Voilà pourquoi la coopérative de travailleurs actionnaire apparaissait comme la solution idéale. Ce modèle coopératif selon lequel les employés sont aussi en partie propriétaires de l’entreprise a séduit la petite équipe. Sur les 200 000 dollars de financement que Photonic Knowledge a contractés au démarrage, 75 000 dollars provenaient des investissements des employés dont une partie déterminée du salaire servait à investir dans la CTA. « Ils ont embarqué complètement, et parfois de façon agressive », se rappelle Éric Roberge.

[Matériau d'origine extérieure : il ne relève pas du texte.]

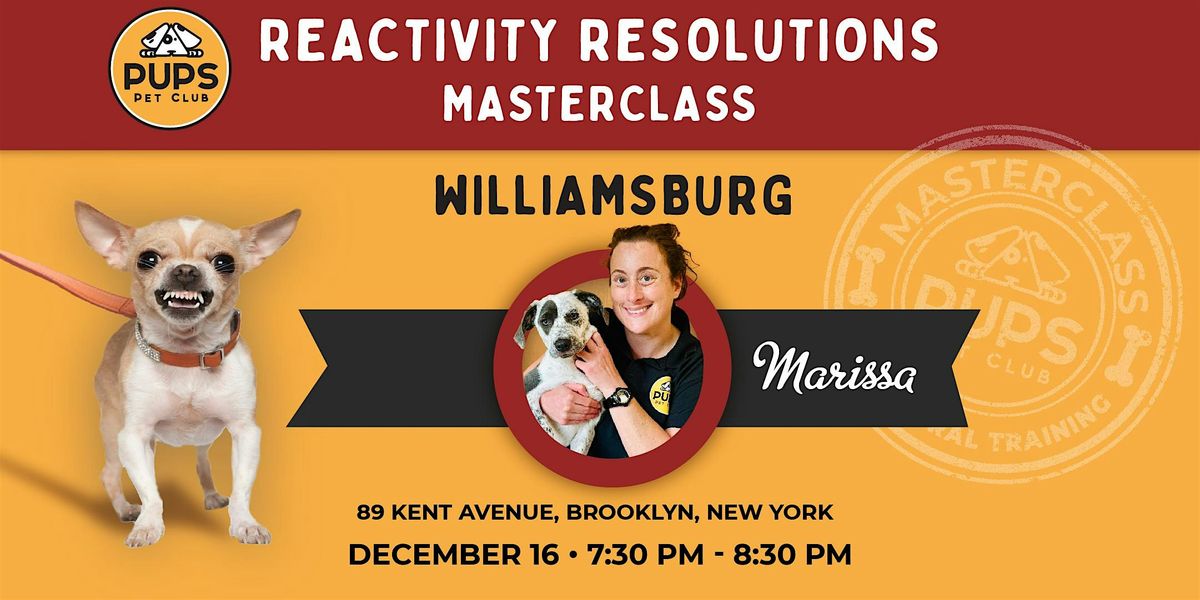 Reactivity Resolutions - WILLIAMSBURG  16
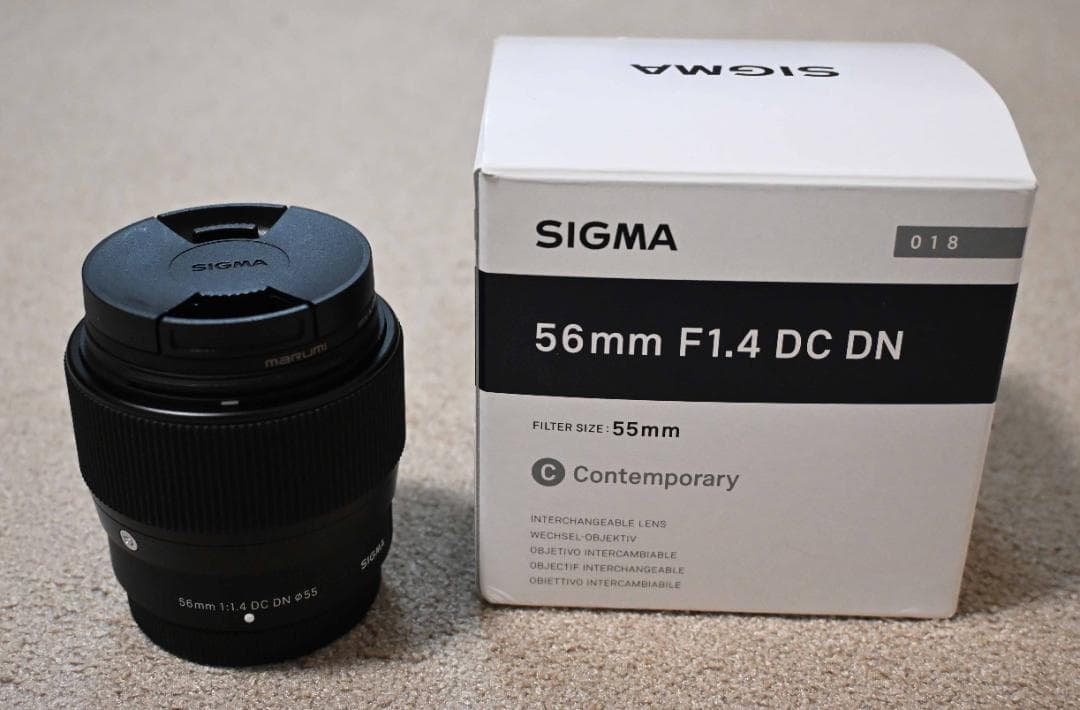 ★★ [良品]SIGMA 56mm F1.4 DC DN X Mount ★★
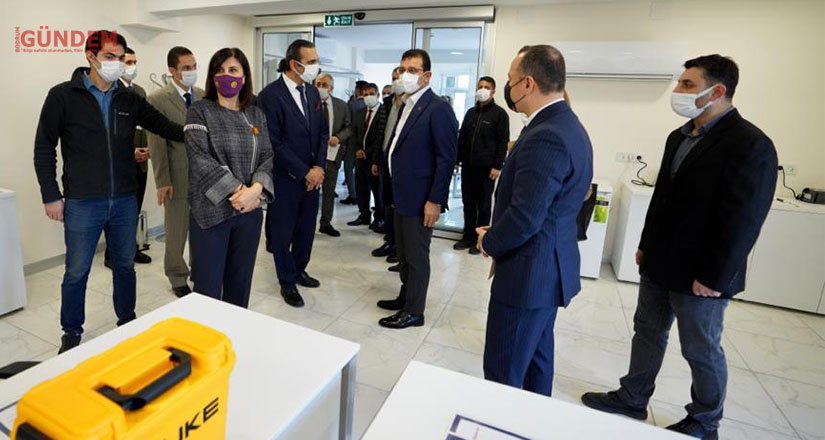 İBB’den ahde vefa örneği: Dr. Erdem’in adı yaşatıldı
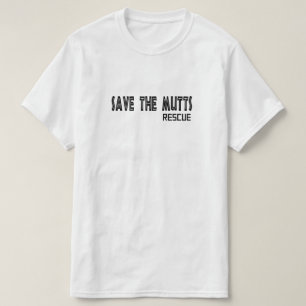 Camiseta Unisex Save The Mutts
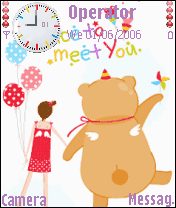 nice to meet you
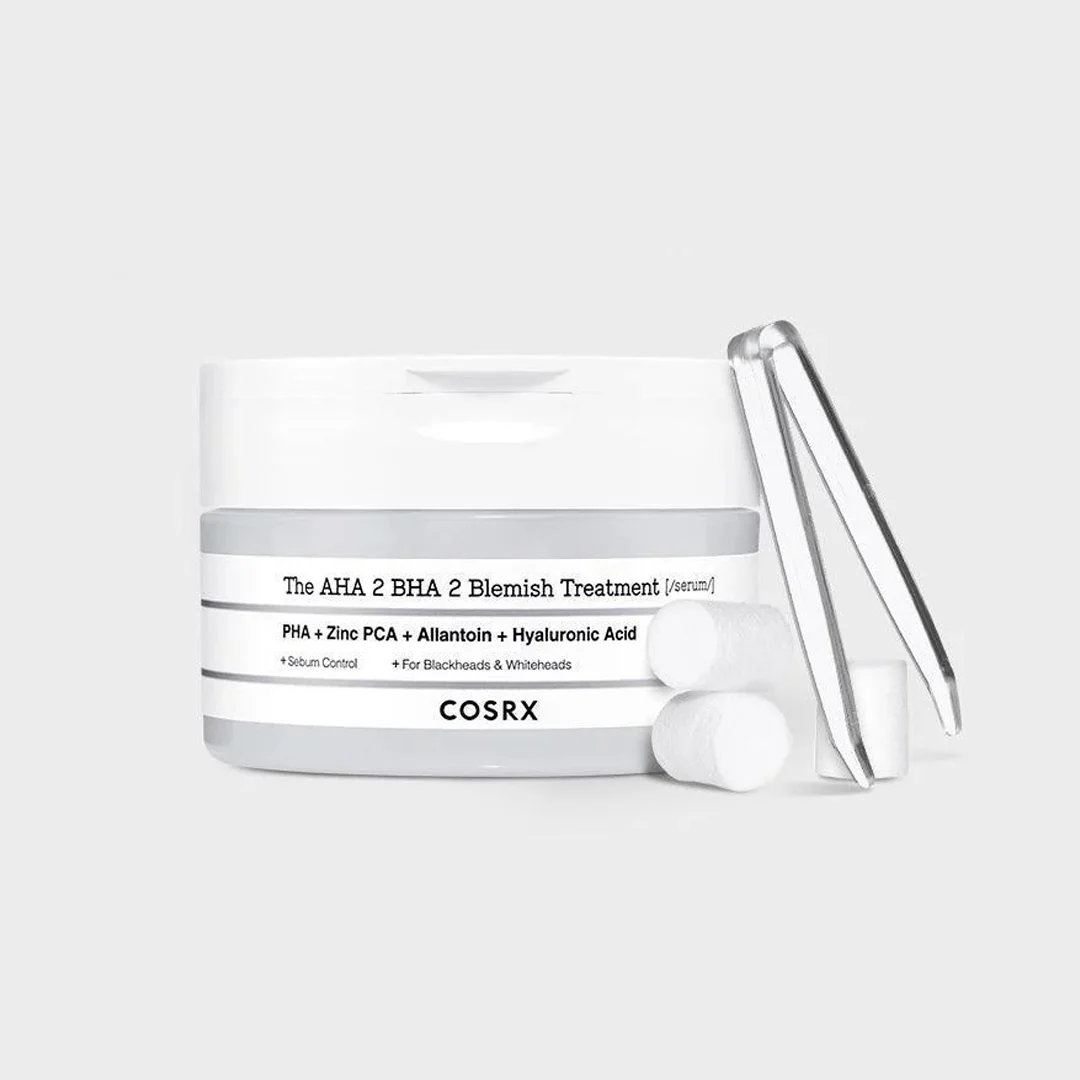 COSRX The AHA 2 BHA 2 Blemish Treatment Serum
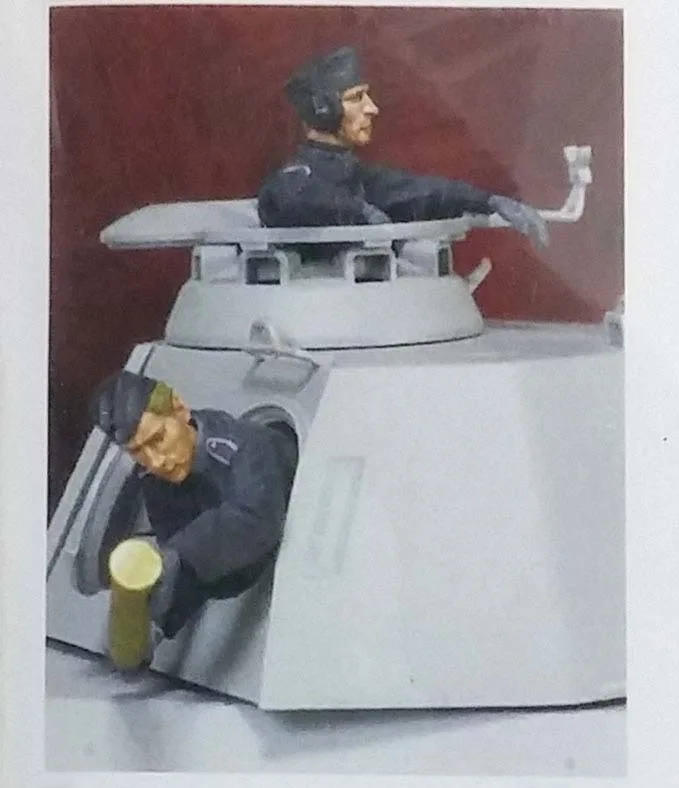 1/35 строительный комплект из смолы цистерна для фигурок|Наборы сборки моделей| |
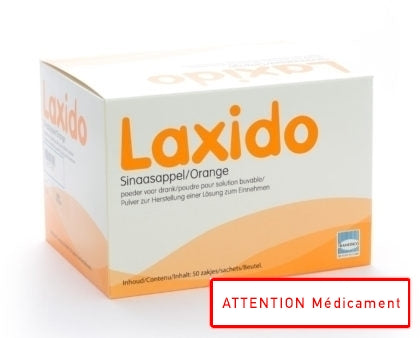 Laxido Orange Sach 50 X 13,7g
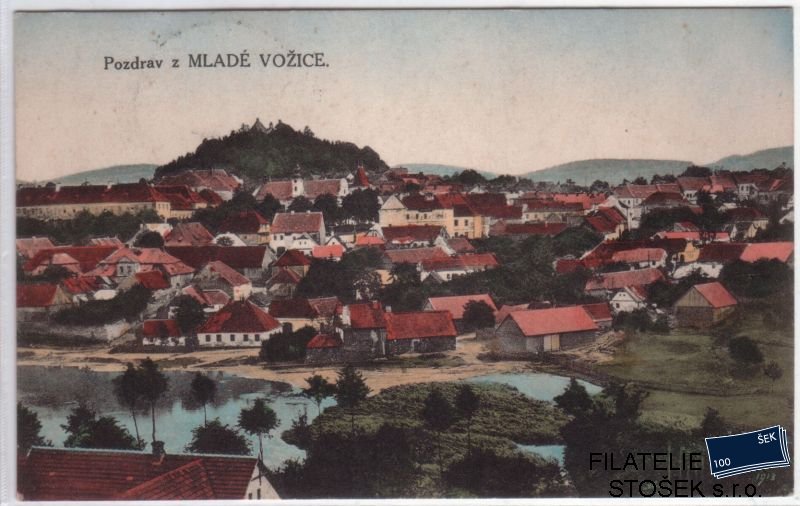 Mladá Vožice - pohledy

Avec le fort potentiel de développement de l’entreprise, les employés y voyaient une occasion en or, littéralement.
Pour conserver l’esprit coopératif et éviter que les hauts salariés n’accaparent toutes les parts de l’entreprise, Ariel Harlat a suggéré d’adopter un plafond pour les investissements. « Pour moi, la formule coopérative est un peu socialiste, dans le sens où elle vise l’égalité, et ça me semblait important que ça demeure ainsi. » Pour le moment, les salariés de Photonic Knowledge détiennent en tout environ 4 % de l’entreprise. « Quand les premiers fonds de démarrage se retireront dans quelques mois, la coopérative prendra encore plus de place », prévoit Éric Roberge.
En plus d’approvisionner Photonic Knowledge en capitaux, les investissements des employés leur rapportent aussi sur une base personnelle. Après un an, Ariel Harlat estime que ce qu’il a investi dans l’entreprise vaut 1 000 fois plus que sa mise de départ. Tout un taux d’intérêt à côté des maigres 4 % ou 5 % offerts par les institutions financières! Mais attention, rien ne garantit à ces investisseurs que l’entreprise fonctionne. « C’est plus risqué, oui, admet le directeur de la recherche et du développement, mais en même temps, comme employés et actionnaires, on a un grand contrôle sur le déroulement des choses et sur les orientations que l’entreprise prendra. » Ce supplément d’engagement sert bien le développement de l’entreprise. « Je sollicite beaucoup de la créativité et du cerveau de la part de mes employés. J’avais besoin qu’ils s’approprient le projet, qu’ils ne referment pas tout à fait la porte en sortant du bureau à cinq heures chaque jour », expose Éric Roberge, à la recherche de l’étincelle de génie qui ne se montre pas toujours durant les heures de bureau.
La formule CTA sert aussi à attirer et à conserver la main-d’œuvre de pointe. Ariel Harlat confirme que ça fonctionne. « Au départ, on se demande tout ce qu’on peut faire pour que l’entreprise décolle, et, si jamais on est tenté de partir, c’est un pensez-y-bien. »
Comme Photonic Knowledge en est à ses débuts, Éric Roberge est conscient qu’avec l’expansion, il devra s’assurer que la coopérative continue de tenir compte de l’avis de tous les employés. « Présentement, les employés journaliers s’impliquent moins, tant du côté financier que décisionnel. C’est en partie parce qu’ils travaillent dans des régions éloignées de l’équipe. On va devoir faire des efforts, admet-il. Mais, pour le moment, ils ont quand même le dernier mot pour ce qui est du matériel à utiliser. Ce sont eux qui choisissent les pick-up », lance-t-il en riant.